Task to carry out:
Transcribe every entry exactly, leaving out any pictures.

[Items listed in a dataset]
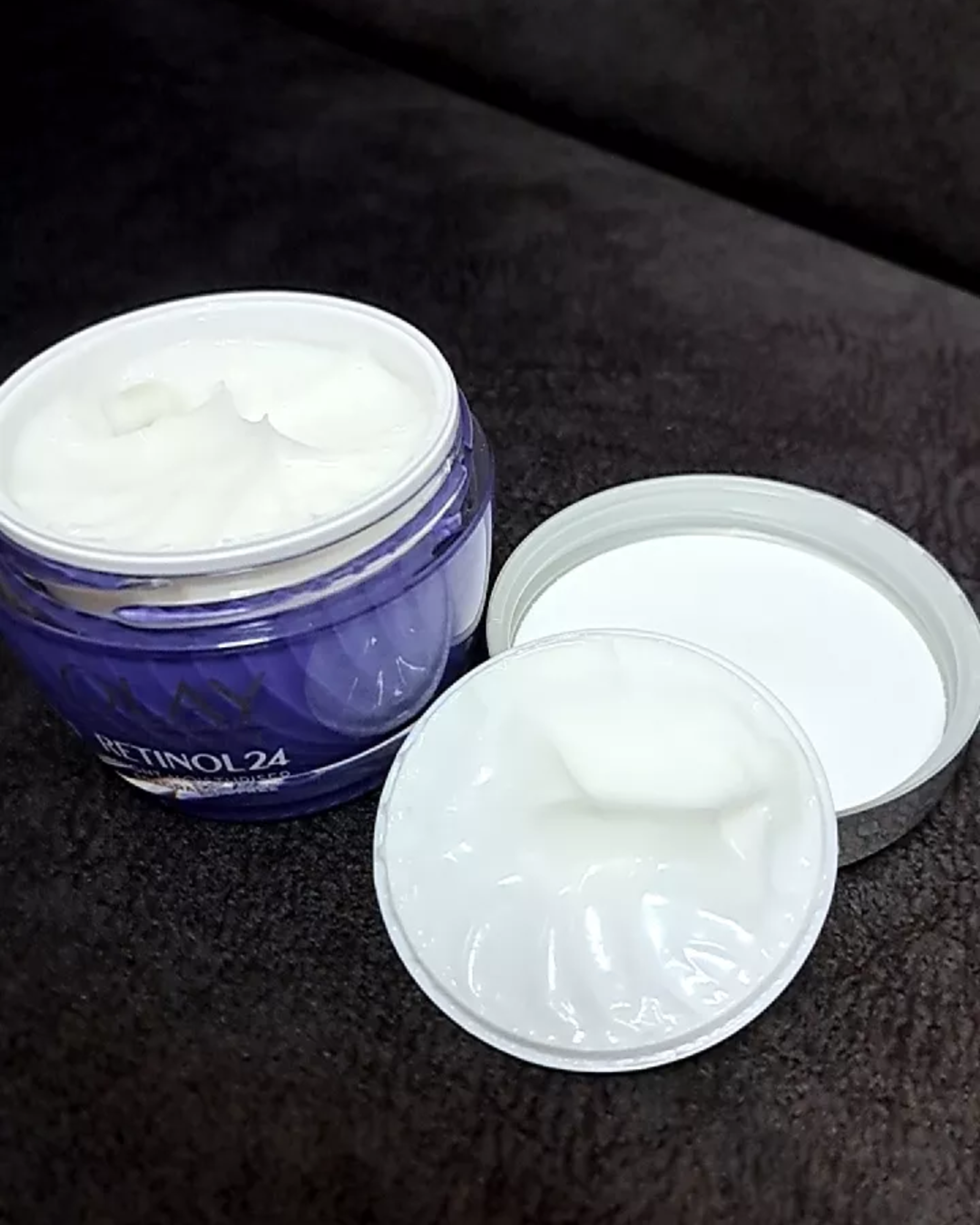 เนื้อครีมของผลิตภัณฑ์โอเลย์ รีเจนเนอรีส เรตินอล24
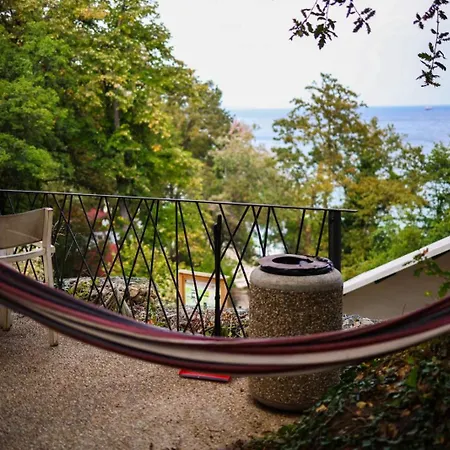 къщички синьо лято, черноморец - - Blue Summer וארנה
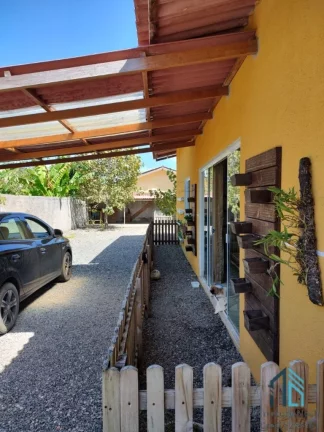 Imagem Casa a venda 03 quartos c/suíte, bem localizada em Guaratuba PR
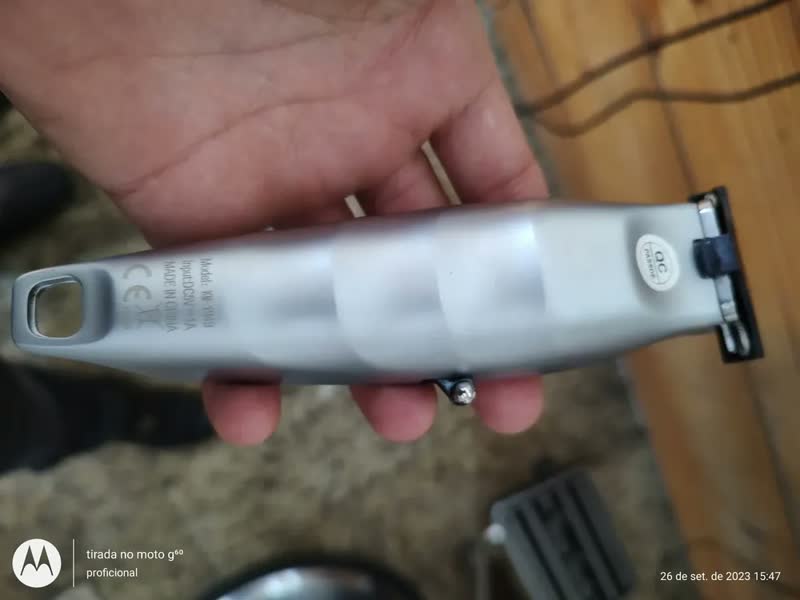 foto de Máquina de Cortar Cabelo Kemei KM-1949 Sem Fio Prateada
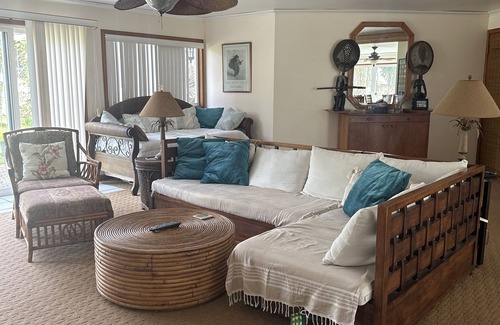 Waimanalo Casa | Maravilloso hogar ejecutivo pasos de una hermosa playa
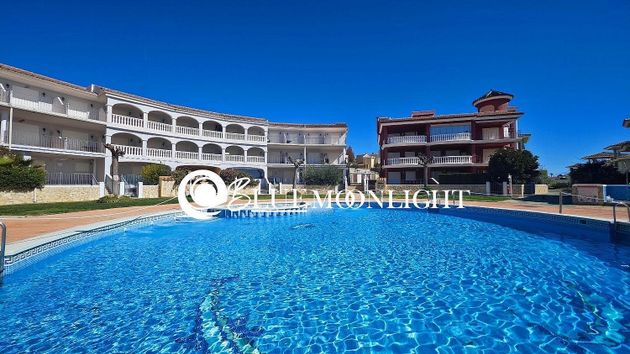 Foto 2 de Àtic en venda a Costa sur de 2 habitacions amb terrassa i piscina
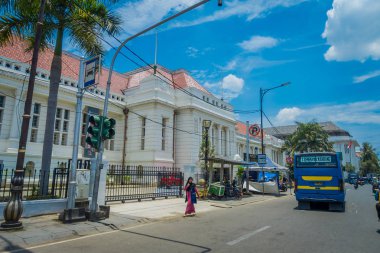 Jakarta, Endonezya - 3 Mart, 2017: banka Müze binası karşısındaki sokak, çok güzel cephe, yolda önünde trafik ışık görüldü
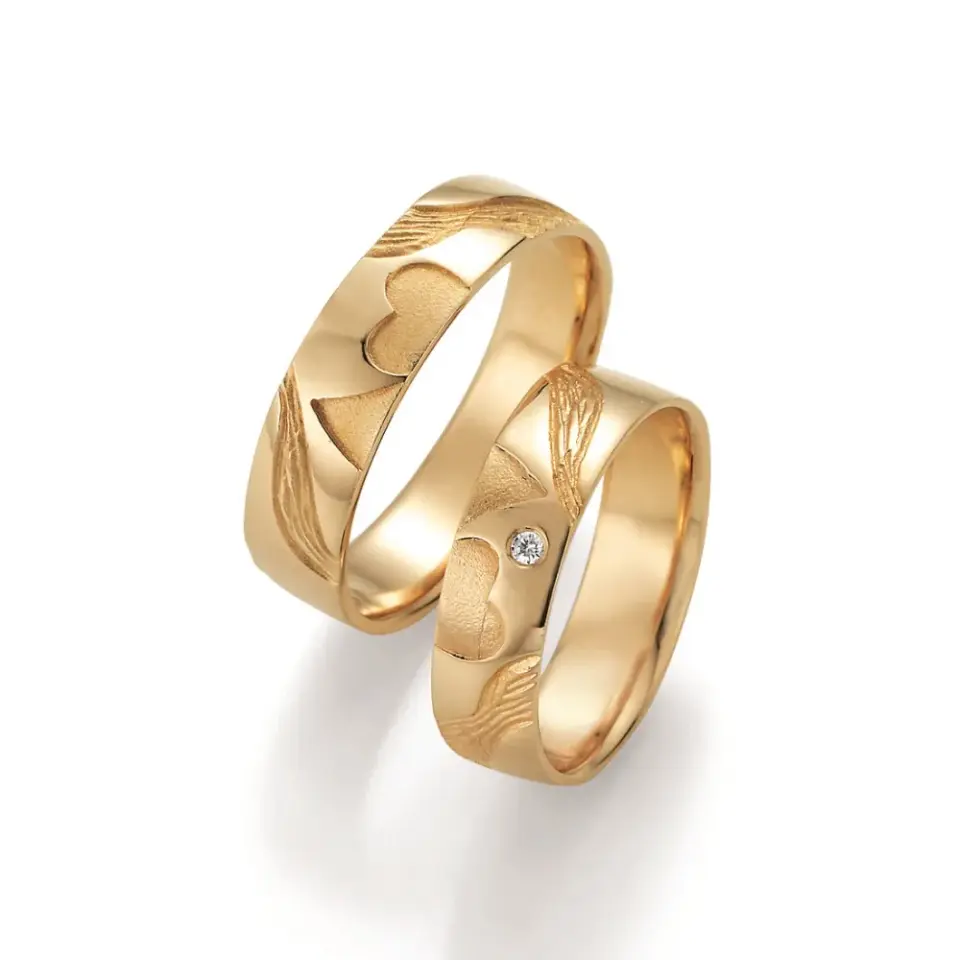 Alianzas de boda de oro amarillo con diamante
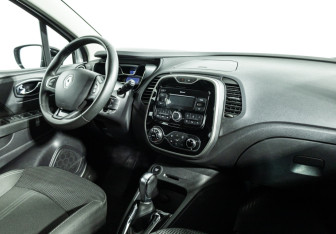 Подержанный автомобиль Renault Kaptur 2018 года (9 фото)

Answer below:
 เนื้อครีมของผลิตภัณฑ์โอเลย์ รีเจนเนอรีส เรตินอล24
 къщички синьо лято, черноморец - - Blue Summer וארנה
 Imagem Casa a venda 03 quartos c/suíte, bem localizada em Guaratuba PR
 foto de Máquina de Cortar Cabelo Kemei KM-1949 Sem Fio Prateada
 Waimanalo Casa | Maravilloso hogar ejecutivo pasos de una hermosa playa
 Foto 2 de Àtic en venda a Costa sur de 2 habitacions amb terrassa i piscina
 Jakarta, Endonezya - 3 Mart, 2017: banka Müze binası karşısındaki sokak, çok güzel cephe, yolda önünde trafik ışık görüldü
 Alianzas de boda de oro amarillo con diamante
 Подержанный автомобиль Renault Kaptur 2018 года (9 фото)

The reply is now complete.